La Terapia Mio fasciale significa letteralmente: terapia per il sistema muscolare e fasciale.
Si tratta di un insieme di tecniche manuali utilizzate per la mobilizzazione dei tessuti molli (muscoli e fascia) che si occupano di trattare il dolore miofasciale e le sindromi dolorose su base biomeccanica e riflessa. In questo tipo di trattamento si sente spesso parlare di “trigger points”.
Questo tipo di trattamento ha l’obbiettivo di ampliare l’arco di movimento, liberando il paziente da sintomatologie algiche e altre sensazioni fastidiose come bruciori, parestesie, formicolii e torpori.
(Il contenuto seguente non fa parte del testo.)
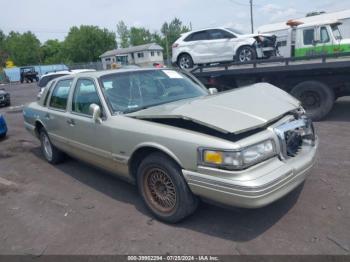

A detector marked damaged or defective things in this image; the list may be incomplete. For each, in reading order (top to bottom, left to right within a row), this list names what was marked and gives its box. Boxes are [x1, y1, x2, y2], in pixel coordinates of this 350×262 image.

wrecked vehicle [172, 27, 276, 68]
damaged hood [129, 83, 300, 134]
wrecked vehicle [21, 68, 318, 222]
rusty wheel [143, 169, 176, 214]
Si ritiene inoltre che il trattamento della fascia sia importante per stimolare il sistema nervoso centrale al fine di migliorare la coordinazione motoria.
Terapia mio fasciale metodo Stecco
Tra i metodi che hanno avuto maggior successo c’è il metodo “Stecco”, che porta il nome del suo ideatore: il Dott. Stecco.
Questo metodo, che attualmente è insegnato anche all’estero, è relativamente recente poiché si è diffuso negli ultimi trenta anni e consiste nell’individuazione e nel trattamento di punti fasciali ben specifici. Il trattamento avviene manualmente con l’utilizzo delle nocche delle dita del terapista, e quando necessario anche della prominenza ossea dell’olecrano del gomito.
Quali sono i tools nella terapia mio fasciale
Negli ultimi anni in Italia molti fisioterapisti hanno iniziato ad utilizzare degli strumenti per il trattamento della fascia e dei trigger point.
Si stratta quasi sempre di accessori in metallo (acciaio) che hanno diverse forme, ognuna delle quali si adatta a un particolare distretto anatomico e alla consistenza dei diversi tessuti.
Si tratta di una pratica, il più delle volte, non dolorosa e semplice da applicare, che richiede solo l’utilizzo del tool, di un gel o una cera per permettere al tool di scivolare meglio sulla cute senza creare abrasioni, e chiaramente del paziente.